Since it was completed, The Marian Boutique Lodging House, atop a hill in the heart of Kuching city, is considered as one of the city’s architectural landmarks.
It was shortlisted in the Adaptive Re-Use category at PAM Awards 2018 along with Borneo 744, another project of IDC Architects.
Alan said IDC Architects is thrilled to be recognised for carrying out its projects, especially when the firm was the sole representative from Sarawak at PAM Awards 2018 and MIID Reka Awards.
“A lot of times, projects, shortlisted for these architectural awards, are mostly from peninsular Malaysia, so we’re happy to not only have been shortlisted but also won the top award for The Granary Kitchen + Bar.”
He said what was interesting about IDC Architects’ two projects was that it showed preservation is not necessarily at odds with economic development.

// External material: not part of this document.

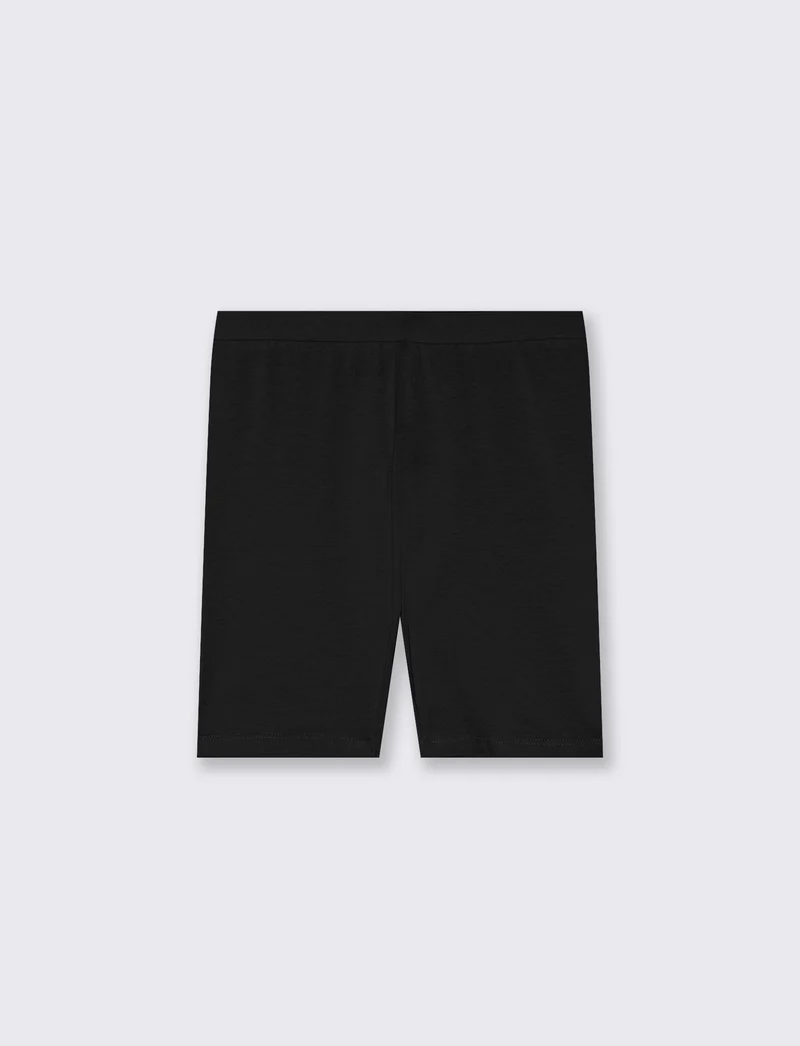 Leggings corti da bambina in cotone - Nero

“Both are very successful projects, so preservation does not mean you can’t make money out of the projects. Moreover, we also get to preserve the good places of Kuching.”
The projects, he added, also showed two very different approaches to conservation.
“Conservation doesn’t mean we have to keep every single thing exactly the same way it was. With The Marian, we put back pretty much what was there, filled in the missing pieces and restored the building to its original grandeur while The Granary represented a creative imagination where it isn’t exactly what it was but we brought back all these old and new things and created a vibrant exciting space unlike any other place in Kuching.
“These two projects show two ways in which a mind inclined towards conservation can create meaningful, memorable and very special places and these are what make Kuching special.”
He stressed for Kuching to remain as a ‘special place’, it was necessary to ensure the heritage buildings of the city were preserved and conserved.
“At this point in time, we believe it’s really up to the partnership between clients, developers, architects and other professionals to bring about more awareness on preservation of historic buildings.
“Otherwise, the heritage of Kuching could disappear just like that — especially when Sarawak has no heritage or preservation laws which prevent historic buildings from being demolished.”